The all-seeing power, that made thee mortal, gave
Thee every thing a mortal state should have. [ Dryden ]
Love should have some rest and pleasure in himself,
Not ever be too curious for a boon,
Too prurient for a proof against the grain
Of him ye say ye love. [ Alfred Tennyson ]
The robe which curious Nature weaves to hang upon the head. [ Decker ]
The curious questioning eye, that plucks the heart of every mystery. [ Grenville Mellen ]
Men marry because they are tired, women because they are curious; both are disappointed. [ Oscar Wilde, The Picture of Dorian Grey ]
People of a lively imagination are generally curious, and always so when a little in love. [ Henry Wadsworth Longfellow ]
Half-uttered praise is to the curious mind, as to the eye half-veiled beauty is, more precious than the whole. [ Joanna Baillie ]
The history of the thoughts of men, curious on account of their infinite variety, is also sometimes instructive. [ Fontanelle ]
The heavens and the earth, the woods and the wayside, teem with instruction and knowledge to the curious and thoughtful. [ Hosea Ballou ]
The poets did well to conjoin music and medicine, because the office of medicine is but to tune the curious harp of man's body. [ Bacon ]
Calumny is a vice of curious constitution; trying to kill it keeps it alive; leave it to itself and it will die a natural death. [ Thomas Paine ]
Under the veil of these curious sentences are hid those germs of morals which the masters of philosophy have afterwards developed into so many volumes. [ Plutarch ]
It is a curious thing about the game of marriage - a game, by the way, that is going out of fashion - the wives hold all the honors and invariably lose the odd trick. [ Oscar Wilde, Lady Windemere's Fan ]
A person who is too nice an observer of the business of the crowd, like one who is too curious in observing the labor of the bees, will often be stung for his curiosity. [ Pope ]
It is curious how tyrannical the habit of reading is, and what shifts we make to escape thinking.

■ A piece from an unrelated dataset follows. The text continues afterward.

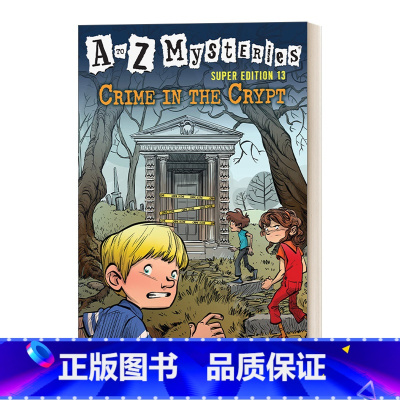 地穴中的犯罪 [正版]英文原版 The New Year Dragon Dilemma 新年龙的困境 神秘案件特别版5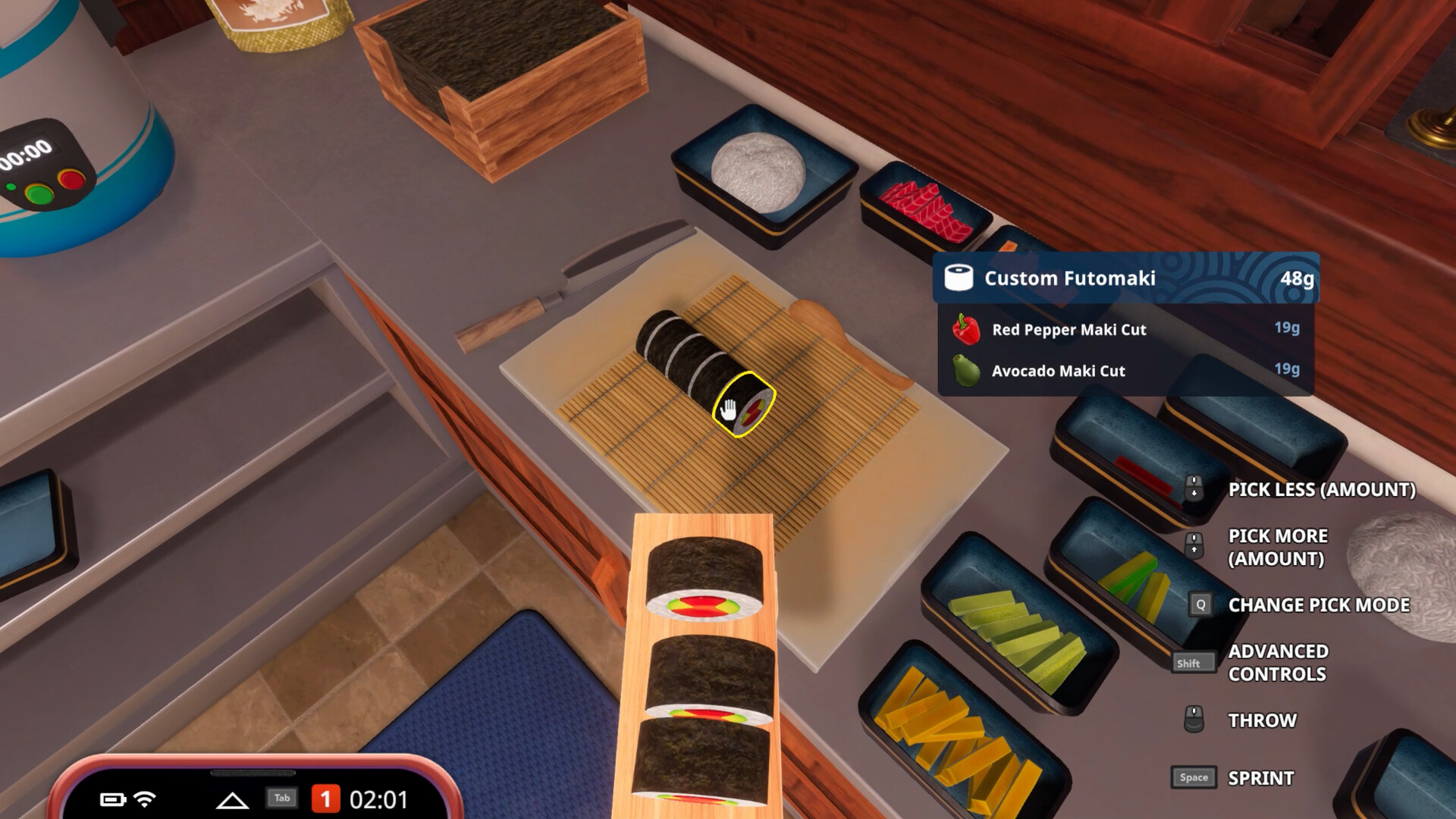 Cooking Simulator - Sushi screenshot 2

There is no bore we dread being left alone with so much as our own minds. [ Lowell ]
Art thou beautiful? Live, then, in accordance with the curious work and frame of the creation, and let the beauty of thy person teach thee to beautify thy mind with holiness, the ornament of the beloved of God. [ Penn ]
The mind should be accustomed to make wise reflections, and draw curious conclusions as it goes along; the habitude of which made Pliny the Younger affirm that he never read a book so bad but he drew some profit from it [ Sterne ]
What a curious workmanship is that of the eye, which is in the body, as the sun in the world; set in the head as in a watch-tower, having the softest nerves for receiving the greater multitude of spirits necessary for the act of vision! [ Charnock ]
Let your sleep be necessary and healthful, not idle and expensive of time, beyond the needs and conveniences of nature; and sometimes be curious to see the preparation which the sun makes when he is coming forth from his chambers of the east. [ Jeremy Taylor ]
It is curious for one who studies the action and reaction of national literature on each other, to see the humor of Swift and Sterne and Fielding, after filtering through Richter, reappear in Carlyle with a tinge of Germanism that makes it novel, alien, or even displeasing, as the case may be, to the English mind. [ Lowell ]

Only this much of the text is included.